## ACTIVITY
Exactly as written, reproduce the lines from the one that contains "Fiat Ducato 28 2.0 MJT PC-TN Furgone" through the end of the records.

## Records from a data source

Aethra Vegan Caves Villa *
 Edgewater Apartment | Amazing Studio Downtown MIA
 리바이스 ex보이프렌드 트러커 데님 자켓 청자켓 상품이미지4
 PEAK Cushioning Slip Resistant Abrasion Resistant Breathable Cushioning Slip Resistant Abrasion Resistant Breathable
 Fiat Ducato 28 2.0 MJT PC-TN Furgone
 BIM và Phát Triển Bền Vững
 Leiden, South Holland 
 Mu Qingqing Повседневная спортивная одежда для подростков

## ANSWER SPACE
 Fiat Ducato 28 2.0 MJT PC-TN Furgone
 BIM và Phát Triển Bền Vững
 Leiden, South Holland 
 Mu Qingqing Повседневная спортивная одежда для подростков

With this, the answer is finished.